Are MLB Players Becoming Drug Addicts To Enhance Their Performance?
MLB players have been hitting home runs out of the park at rates that have never been seen before in history. Although much of this increase is due to changes in hitting philosophy, there are questions and doubts issues of performance enhancement that continue to haunt the world of baseball long after the end of the Steroid Era. Unfortunately the use of performance enhancing drugs still continues because the players association and owners allow players the chance to use them temporarily before eventually throwing them out. The two sides are not yet serious enough about ridding the sport of steroid use and even negotiated an agreement that did not change penalties for the use of these drugs.
Players are starting to feel that performance enhancing drugs have come back to large scale use again in recent years.
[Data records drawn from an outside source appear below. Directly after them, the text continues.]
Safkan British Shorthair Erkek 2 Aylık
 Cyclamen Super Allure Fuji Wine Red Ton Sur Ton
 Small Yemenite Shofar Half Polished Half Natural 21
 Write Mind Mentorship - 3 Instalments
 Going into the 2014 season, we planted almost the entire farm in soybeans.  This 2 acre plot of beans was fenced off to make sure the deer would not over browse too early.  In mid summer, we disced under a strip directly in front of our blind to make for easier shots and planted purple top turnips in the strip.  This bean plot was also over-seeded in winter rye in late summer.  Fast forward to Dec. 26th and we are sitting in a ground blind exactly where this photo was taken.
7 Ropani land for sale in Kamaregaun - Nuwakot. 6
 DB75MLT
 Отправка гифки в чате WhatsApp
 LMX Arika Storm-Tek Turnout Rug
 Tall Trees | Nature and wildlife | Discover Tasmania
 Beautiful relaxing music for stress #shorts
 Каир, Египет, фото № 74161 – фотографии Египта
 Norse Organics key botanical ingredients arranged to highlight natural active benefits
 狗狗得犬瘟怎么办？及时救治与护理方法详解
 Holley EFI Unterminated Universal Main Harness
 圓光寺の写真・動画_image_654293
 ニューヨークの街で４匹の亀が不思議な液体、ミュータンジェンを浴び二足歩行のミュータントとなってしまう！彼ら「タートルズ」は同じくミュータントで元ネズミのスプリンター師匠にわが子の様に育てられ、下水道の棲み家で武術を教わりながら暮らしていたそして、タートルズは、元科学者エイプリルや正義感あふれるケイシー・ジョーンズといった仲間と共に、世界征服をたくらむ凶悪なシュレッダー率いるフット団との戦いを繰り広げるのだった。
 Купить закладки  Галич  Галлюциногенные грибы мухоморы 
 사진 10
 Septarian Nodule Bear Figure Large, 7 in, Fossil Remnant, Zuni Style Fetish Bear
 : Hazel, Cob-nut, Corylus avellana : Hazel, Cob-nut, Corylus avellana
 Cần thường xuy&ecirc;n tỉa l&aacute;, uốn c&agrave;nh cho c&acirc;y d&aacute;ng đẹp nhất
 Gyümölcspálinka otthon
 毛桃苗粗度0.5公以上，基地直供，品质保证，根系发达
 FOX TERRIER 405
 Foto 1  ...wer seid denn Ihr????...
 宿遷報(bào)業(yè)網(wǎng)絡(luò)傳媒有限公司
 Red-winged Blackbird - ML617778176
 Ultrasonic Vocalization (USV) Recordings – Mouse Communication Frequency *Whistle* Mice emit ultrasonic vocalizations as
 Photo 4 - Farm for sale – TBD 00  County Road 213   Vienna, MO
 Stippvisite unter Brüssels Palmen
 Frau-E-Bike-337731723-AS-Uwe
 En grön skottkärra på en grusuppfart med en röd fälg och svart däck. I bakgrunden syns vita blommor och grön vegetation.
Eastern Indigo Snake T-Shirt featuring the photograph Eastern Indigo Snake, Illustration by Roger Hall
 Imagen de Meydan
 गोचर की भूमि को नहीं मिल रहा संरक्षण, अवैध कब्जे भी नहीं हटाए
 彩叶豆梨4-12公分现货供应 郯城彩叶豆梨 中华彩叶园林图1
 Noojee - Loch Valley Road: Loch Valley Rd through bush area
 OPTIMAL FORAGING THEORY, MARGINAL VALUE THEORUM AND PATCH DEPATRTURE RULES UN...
Because the penalties for using these types of drugs are not harsh enough, many players feel that they steroid use may be worth the risk in order to perform better in the game. Those concerned about drug use believe that if the penalty for using steroids resulted in a harsher sentence such as a lifetime ban, it would discourage players from taking the risk and keep them clean. Last year the MLB ran 8,281 drug tests on major players and found that thirteen tested positive for performance enhancing drugs. The new California Baseball Academy or CBA is hoping to crack down on drug use and has called for an increase in tests this year which could potentially amount to around 12,000 tests.
Steroid Testing Results and Penalties
Although those involved in the sport suspect an increase in drug use, the chief legal officer of the MLB claims that test results have not necessarily shown any more than usual. The MLB asserts that they are testing players more than ever before and there has not been an uptick in positive results even after widespread testing. However, most players believe that in spite of an increase in testing the penalties do not sufficiently deter people from experimenting with steroids.
Those who receive positive test results must enter the MLB’s Joint Drug Prevention and Treatment Program and failure to comply with the program the first time can lead to an 80 game suspension. The second positive test result will lead to an 160 game suspension. It is only after the third a player tests positive and does not comply with a treatment program that they will receive a lifetime ban. This year 34 minor and major league players have already violated the treatment program including players like Philadelphia pitcher Elniery Garcia and Pittsburg outfielder Starling Marte who tested positive for the use of Nandrolone, an injectable anabolic steroid.
Continued Drug Use Trends
The MLB insists that the use of performance enhancing drugs has not increased any time recently but a look at statistics shows that positive test results have certainly not declined much if at all. In fact, the numbers of minor and major league players who have violated the drug program over the years have not decreased at all in the past decade. The ones who tend to fail the drug tests are those using old steroids that have been around since the 60s. Out of the 28 drug violations since 2014 there were 12 different substances detected and the most popular were Stanazolol, Turinabol and Boldenone which is an old steroid that was more commonly given to horses. No players have tested positive for other drugs like amphetamines the past few years. Some players have been able to avoid testing positive through the use of newer “designer” drugs that fail to show up in results.
It is difficult to know the reasons why certain players begin using performance enhancing drugs since none of those who have tested positive have answered questions or spoken out about their drug use. Over the past couple seasons, 90 percent of the major players who failed their drug test were American born and either high school or college educated. In the minor leagues, 65 percent of those who tested positive were pitchers from the Dominican Republic which has struggled with high rates of steroid use among its players, although they have recently decreased.
Many players who turn up with positive results will emphatically deny any use of steroids to help their performance in spite of new testing technology that leaves little room for error or false positives. Even though the number of home runs has increased and the number of hits per game has declined, this may not necessarily be the result of steroid use but actually due to some updates on the philosophy of hitting. However, doubt still lingers around these better performances as long as PED use continues to be a problem in the major and minor leagues.